A thousand-year-old code explains why Elon Musk was never designed to stop.

December 2008. Elon Musk sat at an empty table.

Three rockets had exploded. Not one made it to orbit. The $100 million he’d poured into SpaceX was now debris scattered across the Pacific. That same year, Tesla’s first production car—the Roadster—was behind schedule, hemorrhaging cash, losing money on every unit sold. The financial crisis had just gutted Wall Street. General Motors was filing for bankruptcy—even America’s biggest automaker couldn’t survive. No investor wanted to hear a South African guy pitching electric cars and rockets.

He was also getting divorced.

When PayPal sold, he walked away with $180 million. One hundred and eighty million dollars—most people, receiving that kind of money, would consider their life’s problems solved. For him, his life’s problems had just begun. Six years later, nearly all of it was gone. He had roughly $30 million left.

Any financial advisor would have said the same thing: pick one, kill the other, put all your chips on whichever project still has a pulse. Basic risk management. The normal human instinct under maximum pressure—cut your losses.

He didn’t choose. He couldn’t let go of either one.

SpaceX got the money. Prepared for a fourth launch. Tesla got the money. Survived the year.

Years later, on camera for CBS, he recalled that Christmas Eve:

“Waking up that Sunday before Christmas in 2008, I thought—I’ve never been someone who gets nervous breakdowns. That was the closest I’ve ever come.”

He didn’t break down. And he didn’t kill either company.

If you’ve heard this story before, you probably filed it under: extraordinary willpower, refuses to quit, visionary.

But have you considered a different question—why didn’t he cut?

Not “what reason did he have not to cut.” But: why did his brain never contain the option “kill one of them” in the first place?

There’s an explanation you haven’t seen yet.


The Crime Scene

June 28, 1971. Pretoria, South Africa.

Feed that date into a system built over a thousand years ago. It returns four pairs of code. The Day Pillar (日柱)—the code for the day of birth—reads Jiǎ-Shēn (甲申).

Jiǎ (甲) is the first of the ten Heavenly Stems (天干).
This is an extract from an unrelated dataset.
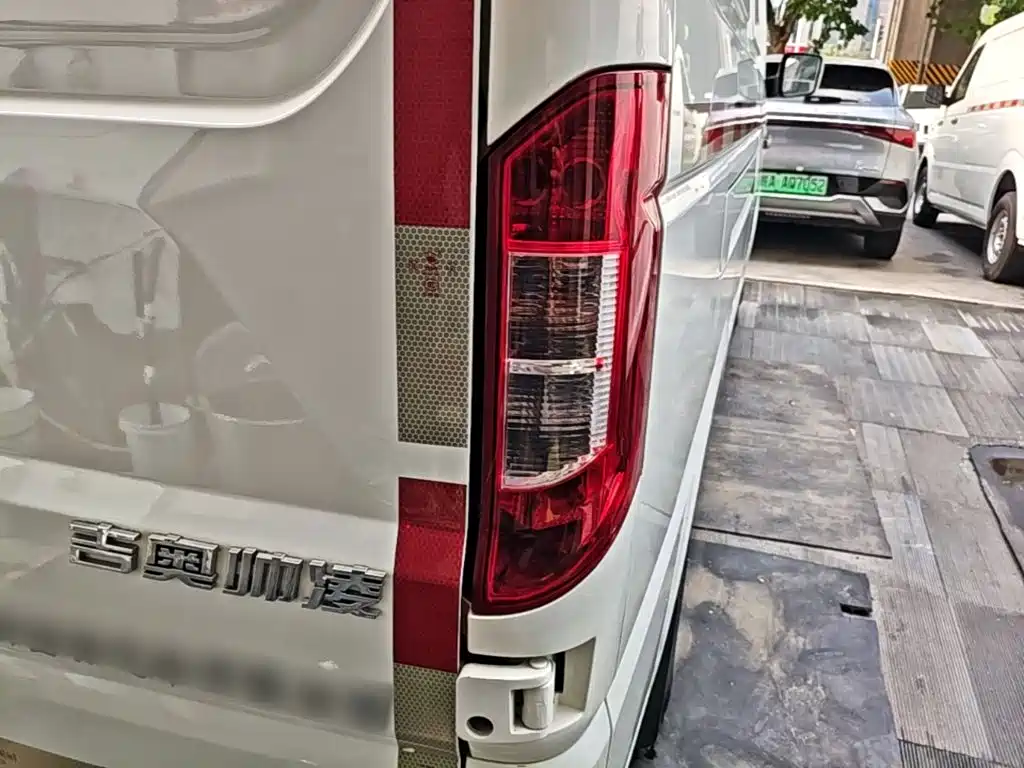 Singulato Gonow Shuai Ling 2023 2023 Standard Range 41.64kWh Lishen Power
Its physical image is a great tree—not a garden pot plant, not a roadside shrub, but the kind of towering timber that holds up the beams of a house.

Shēn (申) is the ninth Earthly Branch (地支). Hidden inside Shēn is something called Gēng Metal (庚金). What is Gēng Metal? An axe.
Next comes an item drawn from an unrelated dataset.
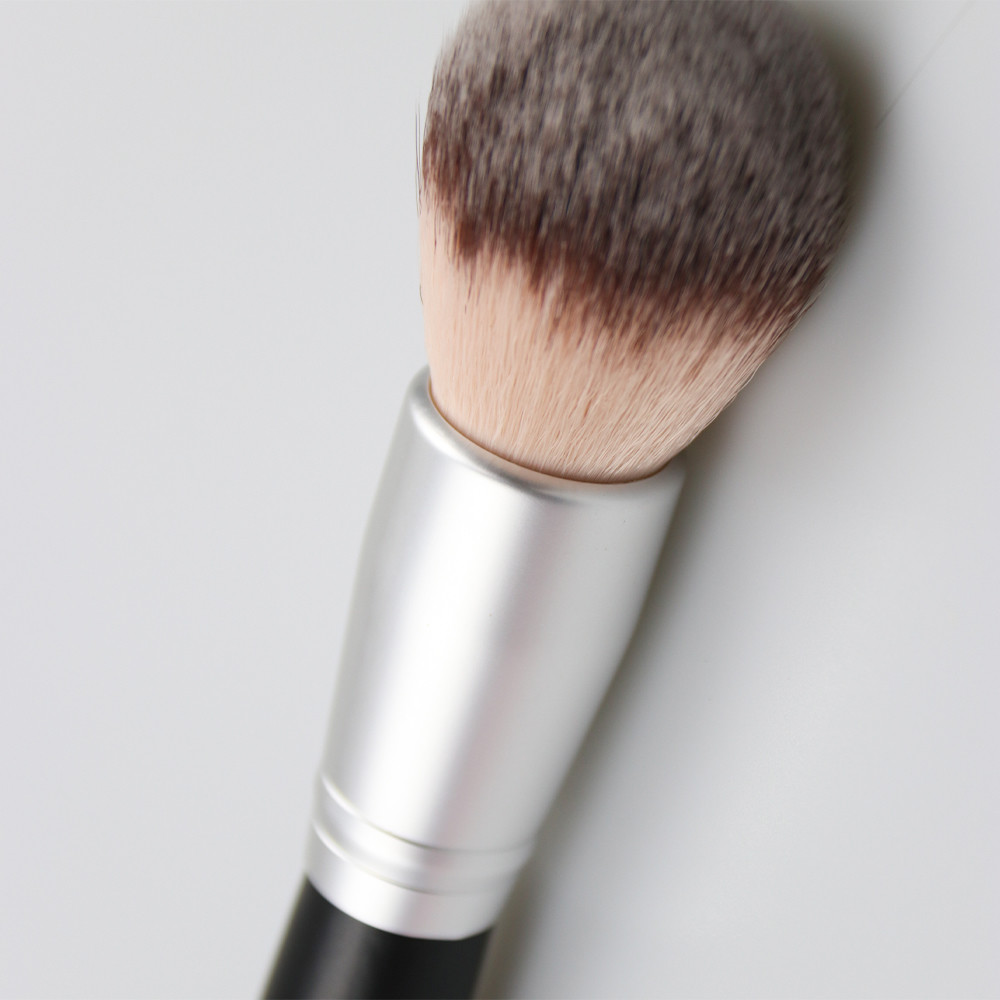 Single Makeup Dense Foundation Brush Fiber Hair Cruelty Free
So his Day Pillar looks like this: a great tree, growing on top of an axe.

The tree’s nature is to grow upward. The axe’s function is to chop. They’ve been bound together since the day he was born.
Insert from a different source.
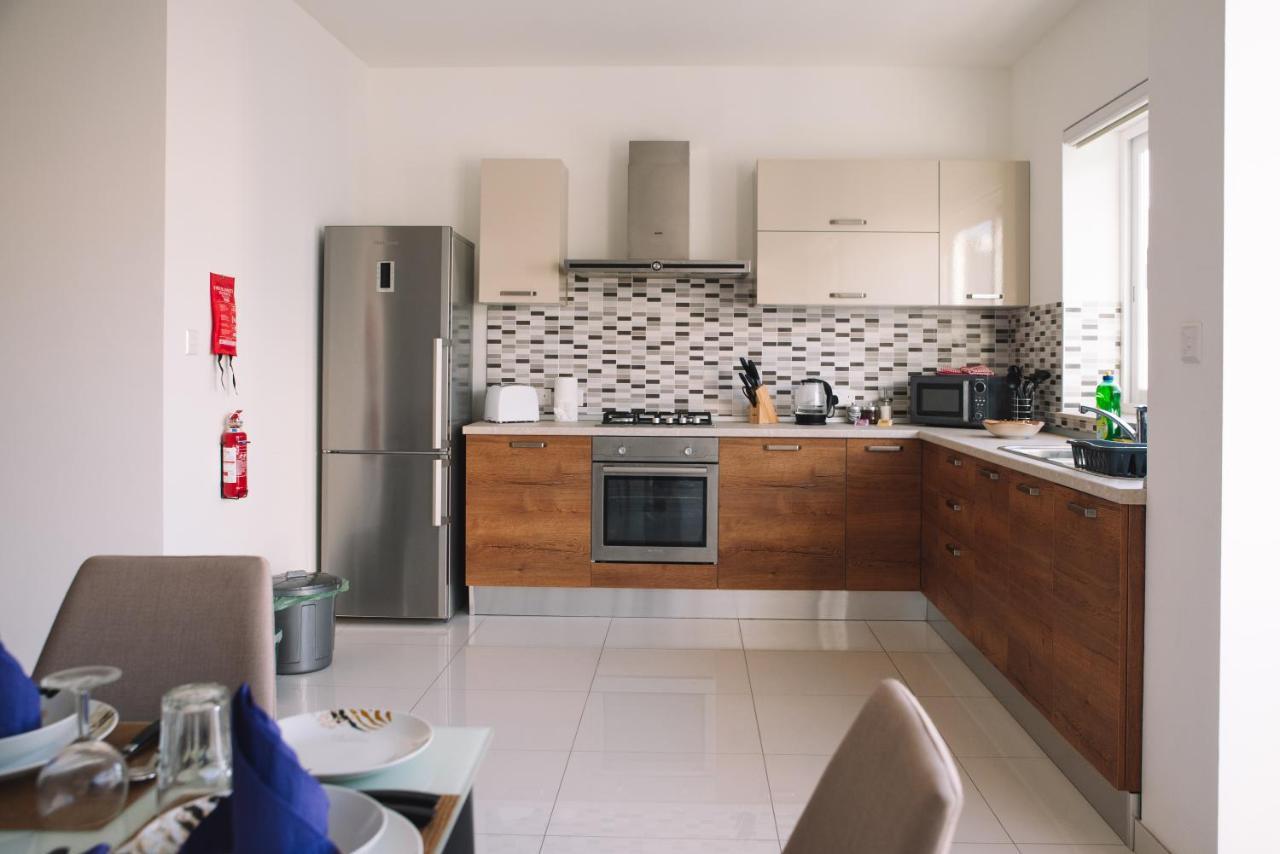 Modern 3 Bedroom With Ac Apartment Zabbar Экстерьер фото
Don’t rush to ask what it means. Just look at the data.

A great tree. With an axe buried beneath its roots.

Does that look normal to you?


A Tree Doesn’t Cut Its Own Branches

In this system, five energies each correspond to a core trait. Fire corresponds to propriety (禮). Earth to trust (信). Metal to righteousness (義). Water to wisdom (智).

Wood corresponds to Rén (仁).

But don’t rush to equate Rén with “kindness”—that only captures part of it.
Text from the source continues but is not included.